Qaterji also ventured into tourism and construction through companies established and registered under the names of his son and nephews, who are partners in managing the family’s financial empire. These include Arman Hotel Management and Tourism, registered under his son Ahmad Bashir’s name, and AA Syria Towers, registered under his nephew Ahmad Mohammed Qaterji and two other partners from within the family.
Qaterji hails from the city of al-Bab in northeastern Aleppo, born in 1976. He is also a member of the Constitutional Committee and a representative of the Syrian regime’s delegation. Given that political capital in Syria requires military loyalty, the Qaterji family established a militia known as the Qaterji Group or Qaterji Militia, with Aleppo as its operational center. This militia, along with other multinational militias, played a role in the siege of Aleppo in 2016, leading to the surrender and withdrawal of Syrian opposition factions from the city.
Syria TV published leaked Iranian government documents confirming the Qaterji company’s relationship with the economic and engineering arm of the Iranian Revolutionary Guard.
The documents detail previous correspondences with a large number of Iranian companies operating in Syria regarding the fifteenth meeting of the Higher Joint Committee for Economic Cooperation between Iran and Syria. They confirm the approval of a contract between the Iranian Azar Ab company, which is under U.S. sanctions, and the Homs Refinery and BS Company, part of the Qaterji Group, to handle all works, procedures, and equipment, and another contract between the aforementioned Iranian company and BS Company to help solve “other problems” without specifying them.

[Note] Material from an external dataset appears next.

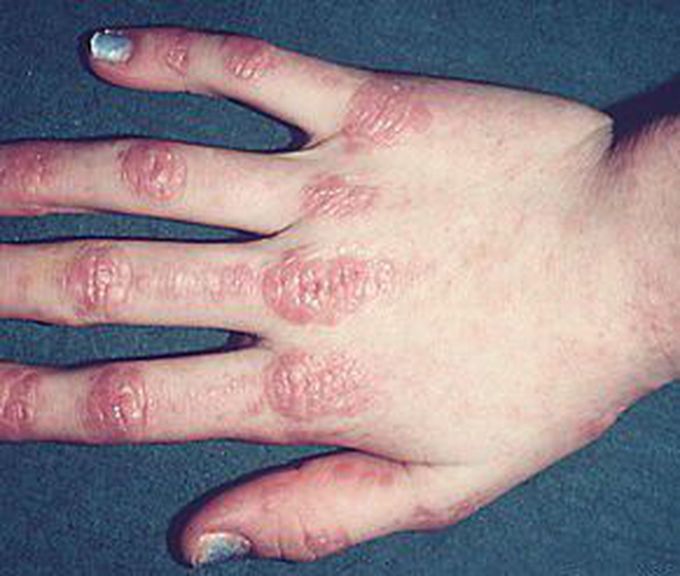 What's the name of this sign in dermatomyositis ??!!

The Qaterji – Iran Oil Cooperation
The website reported information from special sources indicating that the Qaterji Group successfully networked its economic relations through lucrative contracts worth billions of dollars with major Iranian companies operating in Syria, and the engineering arm of the Iranian Revolutionary Guard known as “Khatam al-Anbiya.” This entity secured Oil Block 21, covering an area of 3,200 square kilometers in Homs, pursuant to a decision ratified by the Syrian People’s Assembly and issued by Bashar al-Assad as Law No. 1 of 2020, based on a comprehensive economic cooperation agreement signed with Iran in 2015. Through this 30-year investment in the block, the Iranians expect to recover approximately $3.4 billion of their debts to the Syrian regime.
The website mentioned that the obtained information indicates that the Qaterji family has a significant share in the economic investments in this large block. Additionally, the location of the block in the vast and insecure Syrian Badia forced the Iranians to rely on the security expertise of Qaterji forces for protection. Over three thousand security personnel were deployed, and dozens of surveillance towers were built around the site.

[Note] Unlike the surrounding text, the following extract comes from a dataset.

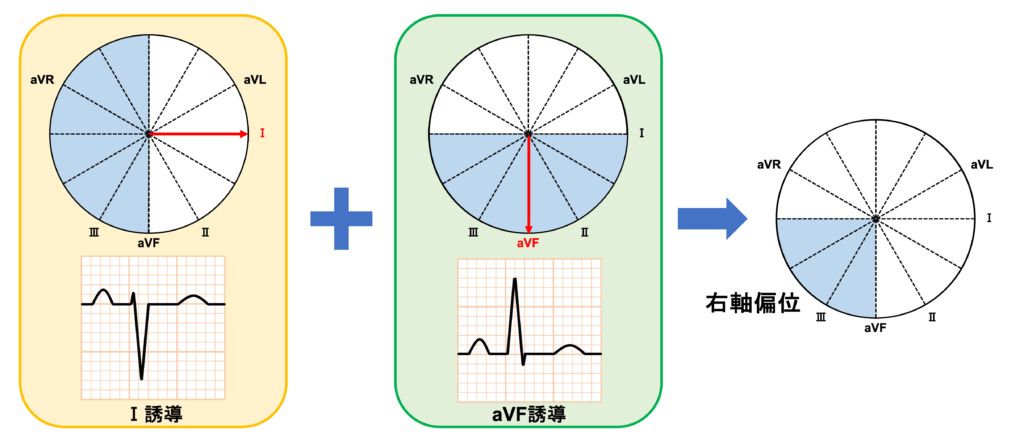 右軸偏位(right axis deviation)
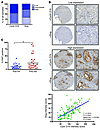 The cyclin D1b–Slug network is conserved in advanced cancers.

According to the website, the Qaterji-owned Arvada company began investing in the oil field just three months after signing the agreement, despite the agreement stipulating that full exploratory activities should take around five years before commencing production operations in Block 21 in Homs. The Iranian engineering company “Petro Tadbir” undertook engineering study services and monitored exploration, development, and production operations in Block 21.
The source reported that Qaterji played a crucial role in transporting Syrian and Iranian oil, refining and selling it in markets, and allocating part of the proceeds to Hezbollah for paying salaries and expenses. The “Syria in Persian” website stated that Qaterji was responsible for financing and supporting “resistance movements” in Syria, coordinating with the Iranian Revolutionary Guard, and collaborating with an Iranian advisor who was killed in Syria a few months ago. It is speculated that this Iranian advisor was Brigadier General Seyyed Reza Mousavi of the Quds Force, who was assassinated by Israel in December 2023 in the Sayyida Zainab area south of Damascus.